WHAT YOU HAVE TO DO
This task asks for the lines from the one with "13 Tape Measures" to the final line below, repeated exactly, with pictures omitted.

----- INFORMATION PROVIDED -----

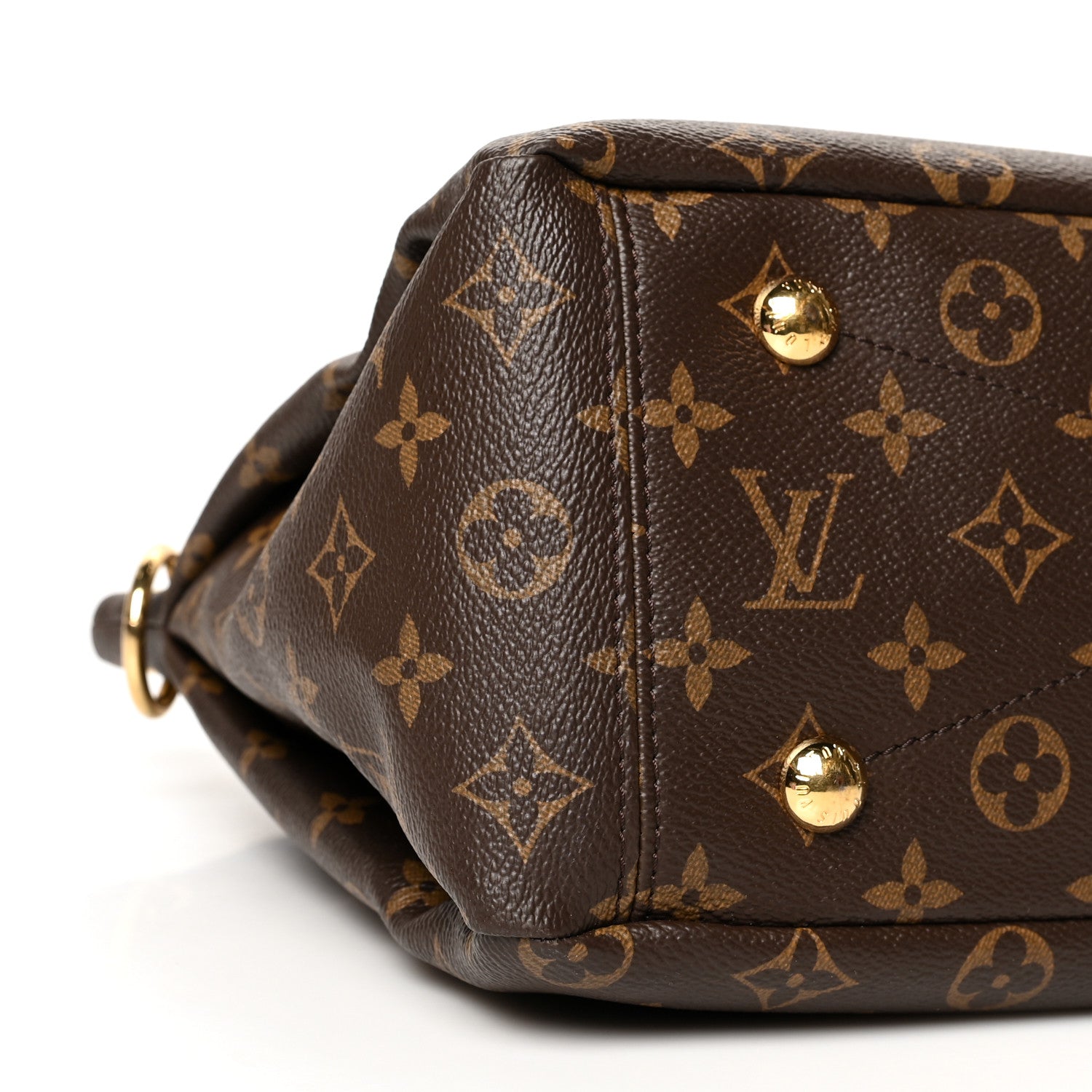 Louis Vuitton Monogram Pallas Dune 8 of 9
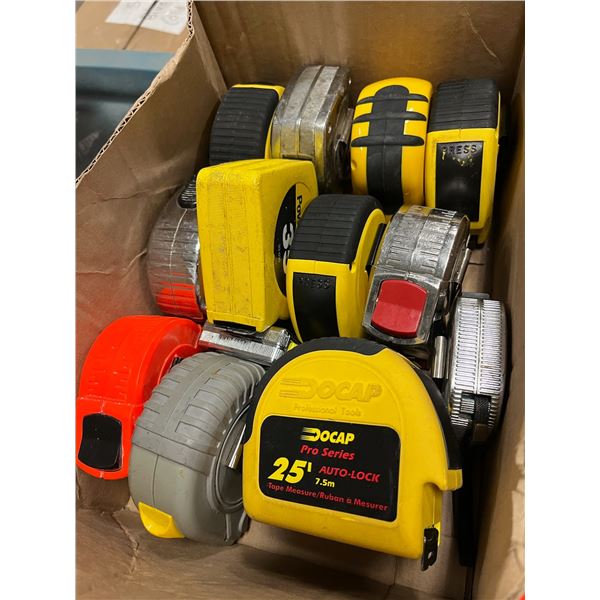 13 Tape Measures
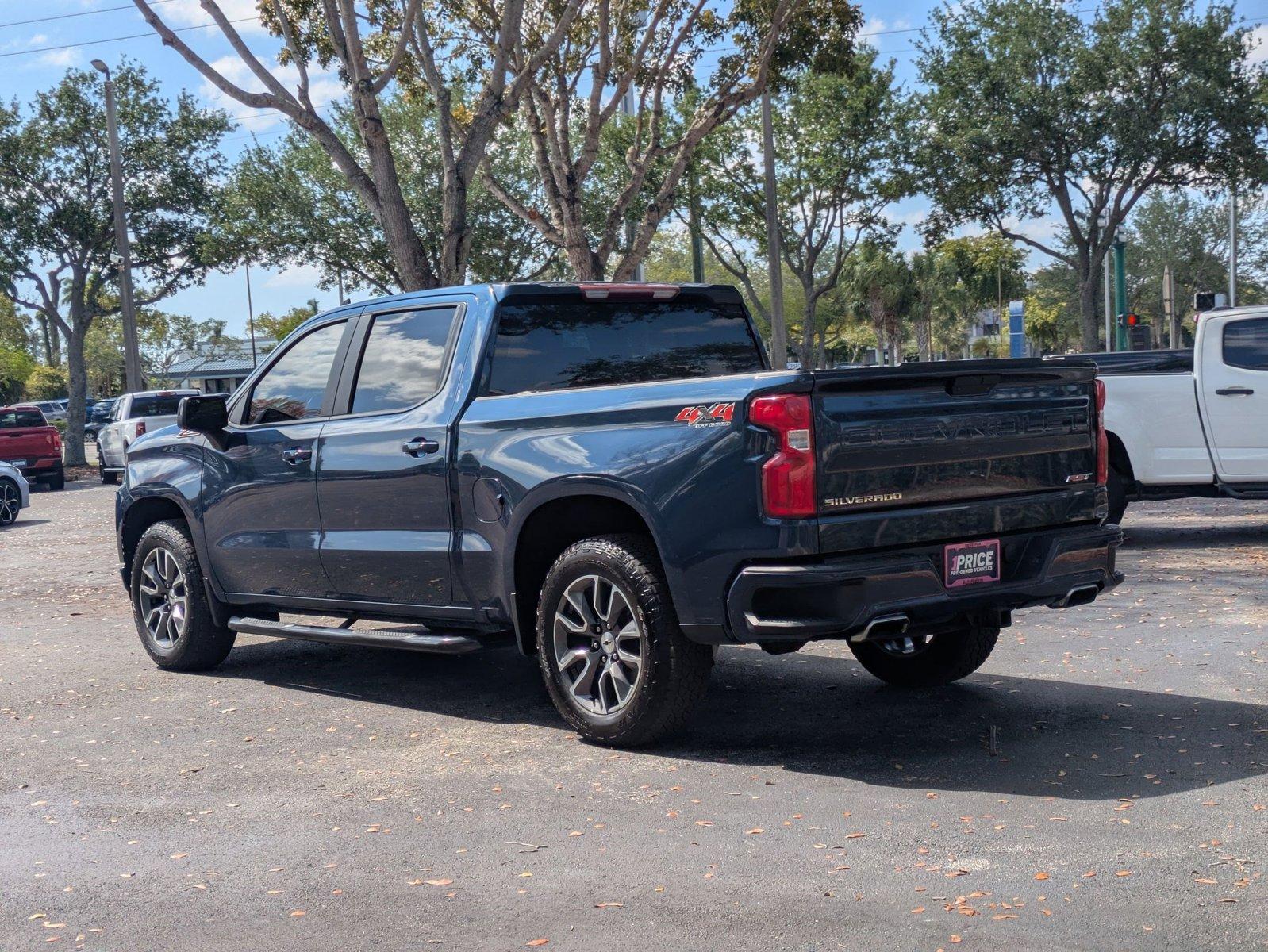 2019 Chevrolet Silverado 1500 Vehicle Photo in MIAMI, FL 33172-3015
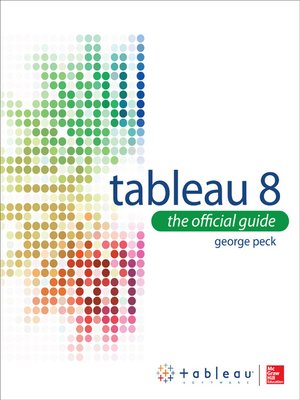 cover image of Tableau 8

-----

TASK ANSWER
 13 Tape Measures
 2019 Chevrolet Silverado 1500 Vehicle Photo in MIAMI, FL 33172-3015
 cover image of Tableau 8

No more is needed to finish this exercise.